PPARγ controls ESCRT-dependent synoviocyte exosome biogenesis and Alleviates chondrocyte Osteoarthritis by Exosomal ANXA1
Description
Osteoarthritis (OA) is characterized by synovitis, cartilage degeneration and exercise therapy has been recognized as first line therapy. The exercise related exosome involved in the interaction between fibroblast-like synoviocytes (FLSs) and chondrocytes could be a novel promising strategy for treating OA. In this study, PPARγ was upregulated in FLSs under exercise by single cell transcriptome sequencing. Then, we investigated the underlying mechanisms of PPARγ-treated FLSs derived exosome on OA in vivo and vitro. Our data revealed that overexpression PPARγ FLSs derived exosome could ameliorate the OA severity in vivo and vitro. But knockdown PPARγ FLSs derived exosome aggravate OA. Moreover, we found PPARγ controls the endosomal sorting complex required for the transport (ESCRT)-dependent exosome biogenesis pathway. Annexin A1 (ANXA1) was enriched in OE-PPARγ exosome by quantitative proteomics.

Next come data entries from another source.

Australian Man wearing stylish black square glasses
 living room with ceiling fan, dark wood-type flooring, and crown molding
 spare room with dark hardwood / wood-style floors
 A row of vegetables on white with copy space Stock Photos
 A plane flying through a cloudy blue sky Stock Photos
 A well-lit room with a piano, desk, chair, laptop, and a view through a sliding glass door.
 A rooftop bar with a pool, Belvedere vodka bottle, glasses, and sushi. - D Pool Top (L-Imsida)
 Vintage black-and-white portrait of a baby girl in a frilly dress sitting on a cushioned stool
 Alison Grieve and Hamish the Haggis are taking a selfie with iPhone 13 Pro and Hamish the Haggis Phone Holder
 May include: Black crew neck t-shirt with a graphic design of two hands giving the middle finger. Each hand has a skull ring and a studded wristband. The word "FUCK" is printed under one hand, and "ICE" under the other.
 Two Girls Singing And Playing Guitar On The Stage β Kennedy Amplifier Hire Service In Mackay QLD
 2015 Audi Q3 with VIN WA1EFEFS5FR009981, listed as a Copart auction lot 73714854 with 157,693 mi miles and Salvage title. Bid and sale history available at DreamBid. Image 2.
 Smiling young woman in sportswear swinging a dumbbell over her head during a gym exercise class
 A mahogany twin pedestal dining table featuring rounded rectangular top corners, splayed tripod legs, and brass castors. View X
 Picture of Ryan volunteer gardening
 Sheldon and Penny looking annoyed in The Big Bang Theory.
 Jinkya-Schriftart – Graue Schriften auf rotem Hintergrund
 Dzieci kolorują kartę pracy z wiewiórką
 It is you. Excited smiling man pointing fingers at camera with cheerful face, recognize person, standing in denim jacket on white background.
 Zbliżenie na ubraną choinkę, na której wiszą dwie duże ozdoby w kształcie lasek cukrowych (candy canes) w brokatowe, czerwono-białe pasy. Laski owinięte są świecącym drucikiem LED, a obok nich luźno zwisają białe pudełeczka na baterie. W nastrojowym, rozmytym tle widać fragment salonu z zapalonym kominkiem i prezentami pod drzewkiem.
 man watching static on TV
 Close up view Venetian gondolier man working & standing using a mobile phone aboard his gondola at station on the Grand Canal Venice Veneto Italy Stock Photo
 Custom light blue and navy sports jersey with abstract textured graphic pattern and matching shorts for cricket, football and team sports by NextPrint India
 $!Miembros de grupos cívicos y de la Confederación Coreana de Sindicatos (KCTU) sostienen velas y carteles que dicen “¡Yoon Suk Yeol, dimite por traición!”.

By Chip-qPCR and Co-IP methods, PPARγ and its coactivator -1α (PGC-1α) acts with ESCRT subunits including HRS, STAM1, TSG101, CHMP7 and promotes their association to cargo ANXA1. As a therapeutic cargo, exosomal ANXA1 was confirmed be internalization by chondrocyte via exosome labeled experiment and ANXA1 could inhibit the phospharylation of ERK to activate the autophagy and decrease chondrocyte apoptosis. While the ANXA1 receptor blocker BOC-2 could reverse the therapic effect. In conclusion, PPARγ/ESCRT – FLSs exosomal ANXA1 – ERK axis provides a deeper theoretical basis for exercise therapy of OA and a new idea for the clinical transformation of exosomes into OA therapy.